*Problem statement*: Could you give again exactly, and only, the lines from the one holding "Lulu’s Dark Blue" through the end of the data, both ends included, with pictures left out?

*Dataset extract*:
%%

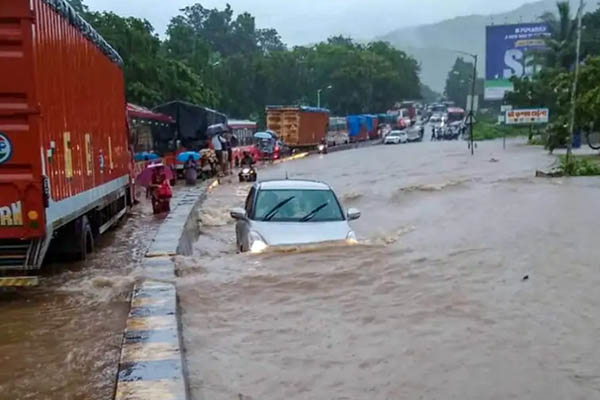 Incessant rains lash Mumbai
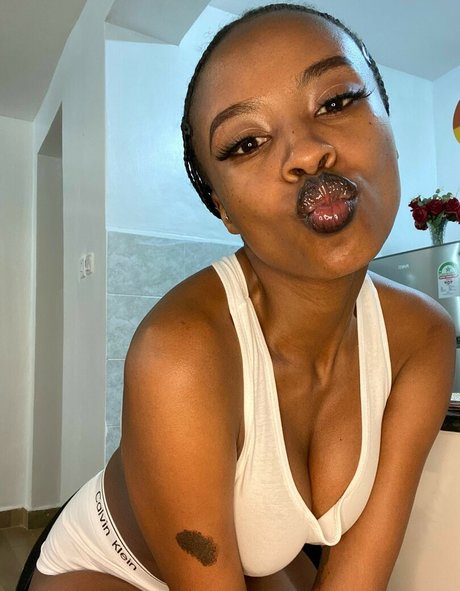 ebonynaomii exclusive actress pic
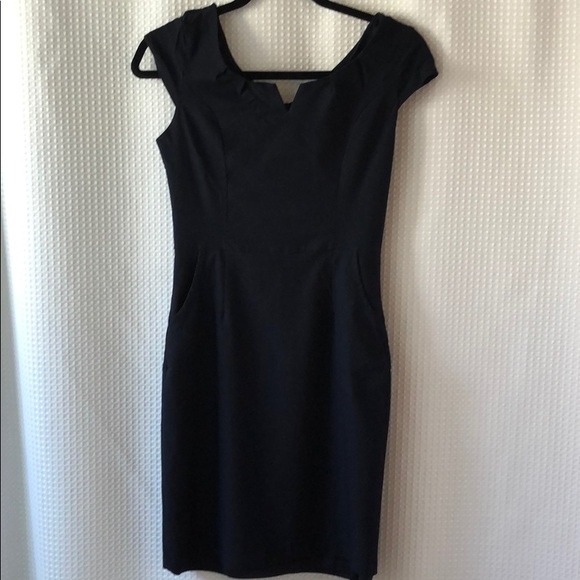 Lulu’s Dark Blue Dress size L - Picture 2 of 7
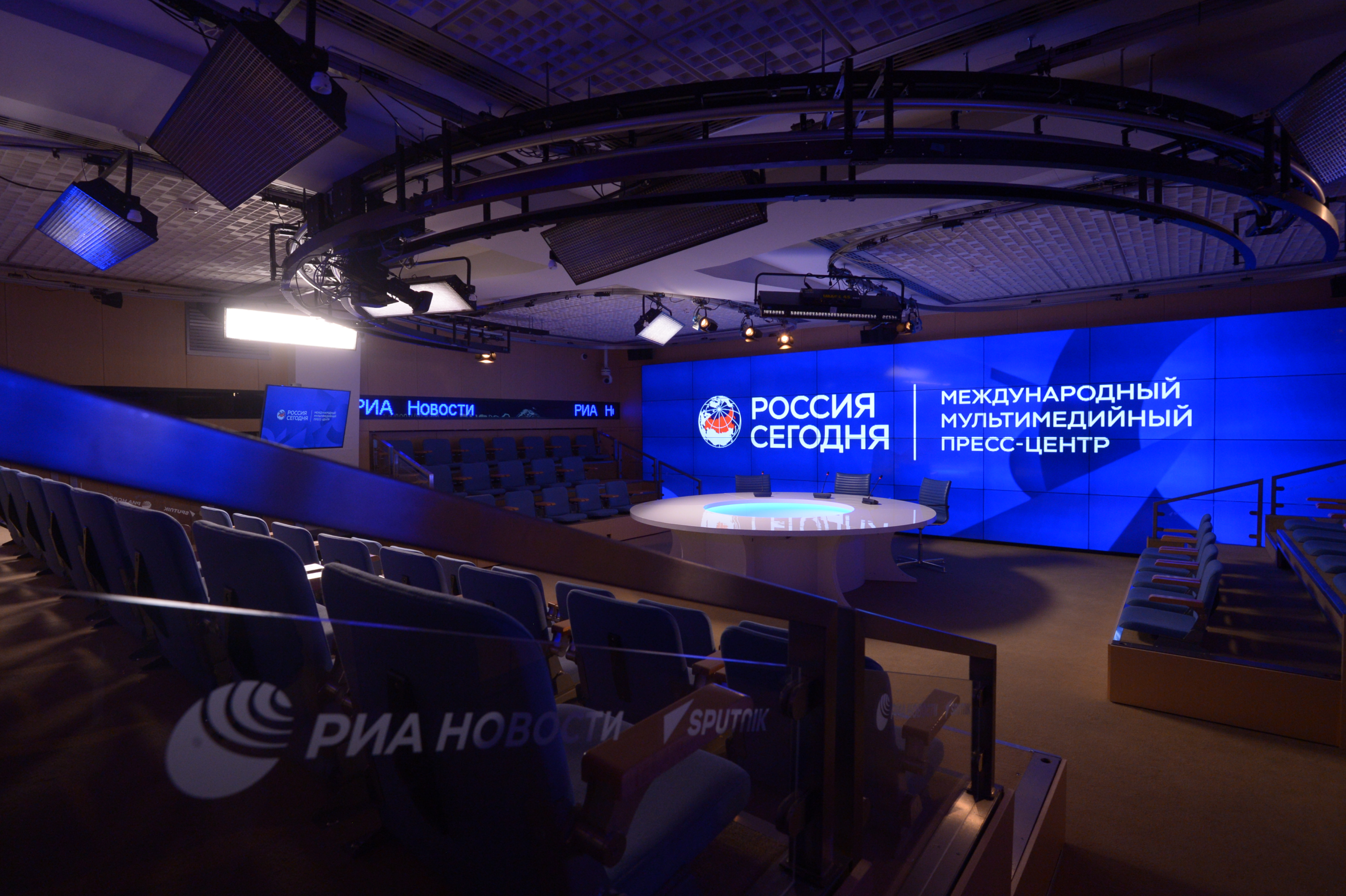 Редизайн стиля медиагруппы «Россия сегодня» — Изображение №10 — Брендинг на Dprofile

%%

*Exercise solution*:
 Lulu’s Dark Blue Dress size L - Picture 2 of 7
 Редизайн стиля медиагруппы «Россия сегодня» — Изображение №10 — Брендинг на Dprofile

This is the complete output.